HEALTH AND HAPPINESS
I would argue, therefore, there are two possible approaches to the practice of medicine and that the second of the two is better. The first involves diligently providing appropriate advice about smoking cessation, abstention from alcohol for those who abuse it, or pharmacological management of depression and anxiety (to name only a few of the common ailments that affect my patient population).
The second approach, however, involves becoming interested in the beliefs patients hold that keep them trapped in harmful behavior patterns.
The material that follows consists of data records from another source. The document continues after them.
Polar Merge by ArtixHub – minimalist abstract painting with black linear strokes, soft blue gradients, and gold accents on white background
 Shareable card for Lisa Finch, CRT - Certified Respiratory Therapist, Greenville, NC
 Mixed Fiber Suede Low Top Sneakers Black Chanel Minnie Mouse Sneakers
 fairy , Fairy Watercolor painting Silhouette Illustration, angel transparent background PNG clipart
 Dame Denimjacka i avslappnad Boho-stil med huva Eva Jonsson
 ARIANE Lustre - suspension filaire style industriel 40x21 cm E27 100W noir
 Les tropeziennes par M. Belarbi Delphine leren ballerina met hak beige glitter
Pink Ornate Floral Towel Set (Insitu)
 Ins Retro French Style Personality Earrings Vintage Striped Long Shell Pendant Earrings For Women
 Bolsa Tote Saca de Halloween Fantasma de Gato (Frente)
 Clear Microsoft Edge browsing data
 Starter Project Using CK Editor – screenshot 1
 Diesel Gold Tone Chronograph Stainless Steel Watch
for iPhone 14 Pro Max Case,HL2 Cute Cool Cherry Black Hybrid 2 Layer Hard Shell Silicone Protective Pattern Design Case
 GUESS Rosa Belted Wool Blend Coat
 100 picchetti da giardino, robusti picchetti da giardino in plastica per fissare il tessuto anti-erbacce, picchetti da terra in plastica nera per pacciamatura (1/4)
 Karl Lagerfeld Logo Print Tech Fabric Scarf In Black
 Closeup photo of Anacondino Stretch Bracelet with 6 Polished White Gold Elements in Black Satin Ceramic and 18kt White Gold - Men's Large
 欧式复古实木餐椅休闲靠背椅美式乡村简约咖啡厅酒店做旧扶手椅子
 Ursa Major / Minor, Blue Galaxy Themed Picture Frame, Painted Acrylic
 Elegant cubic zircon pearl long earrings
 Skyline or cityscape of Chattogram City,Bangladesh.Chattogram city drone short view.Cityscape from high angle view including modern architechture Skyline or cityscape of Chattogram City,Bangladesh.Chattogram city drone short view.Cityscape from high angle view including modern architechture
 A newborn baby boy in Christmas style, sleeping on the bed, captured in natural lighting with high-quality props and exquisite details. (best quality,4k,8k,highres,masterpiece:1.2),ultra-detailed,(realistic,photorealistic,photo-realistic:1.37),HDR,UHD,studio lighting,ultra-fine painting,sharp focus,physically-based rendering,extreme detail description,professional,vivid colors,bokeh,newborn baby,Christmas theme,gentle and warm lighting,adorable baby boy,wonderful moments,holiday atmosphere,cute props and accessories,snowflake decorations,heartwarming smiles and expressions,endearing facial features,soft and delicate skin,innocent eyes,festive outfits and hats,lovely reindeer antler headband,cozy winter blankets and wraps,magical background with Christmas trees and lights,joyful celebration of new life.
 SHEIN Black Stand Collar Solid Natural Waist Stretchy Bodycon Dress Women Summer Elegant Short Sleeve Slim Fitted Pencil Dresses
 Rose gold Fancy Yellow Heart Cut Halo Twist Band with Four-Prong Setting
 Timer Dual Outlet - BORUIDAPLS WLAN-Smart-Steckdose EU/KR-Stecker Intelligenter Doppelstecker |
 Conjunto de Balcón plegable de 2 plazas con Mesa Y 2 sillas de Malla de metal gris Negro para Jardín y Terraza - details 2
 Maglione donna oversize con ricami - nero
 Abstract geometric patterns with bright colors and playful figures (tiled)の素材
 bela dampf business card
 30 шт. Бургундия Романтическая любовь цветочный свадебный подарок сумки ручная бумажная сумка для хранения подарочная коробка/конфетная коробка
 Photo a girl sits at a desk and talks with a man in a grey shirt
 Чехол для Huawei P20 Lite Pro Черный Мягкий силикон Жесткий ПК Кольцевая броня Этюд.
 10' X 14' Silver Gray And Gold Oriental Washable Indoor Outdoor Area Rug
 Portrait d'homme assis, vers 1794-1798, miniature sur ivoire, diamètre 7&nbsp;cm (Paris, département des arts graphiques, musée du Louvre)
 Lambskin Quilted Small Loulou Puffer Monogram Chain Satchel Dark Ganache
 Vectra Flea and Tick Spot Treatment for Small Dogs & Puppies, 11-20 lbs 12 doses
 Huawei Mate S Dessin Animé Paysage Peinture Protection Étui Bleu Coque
It involves embracing a view of the human mind that recognizes all behavior arises out of belief and that if we could only help patients find their way to wisdom, their lives might then become governed by actions that lead to happiness and joy rather than pain and suffering. This, then, is how I view the proper role of a physician: not just as an advocate for patients’ health but for their happiness as well. While I certainly don’t believe I have all the wisdom my patients would ever need to solve every problem they face, I am equally certain they do themselves.
My ultimate aim, then, and, it turns out, the most enjoyable part of my day, involves encouraging patients to challenge their deeply held beliefs that, in my view, obstruct their ability to change maladaptive behaviors. Though I often fail, I am never able to predict with whom I will succeed, so I approach every patient as a mystery to be solved, always full of hope. And as he left my office that morning no more determined to become a non-smoker than when he’d first entered, I wondered: what do you need to hear, Mr. Rodriguez? What experience will cause some critical piece of wisdom to penetrate into your heart and somehow motivate you to save your own life?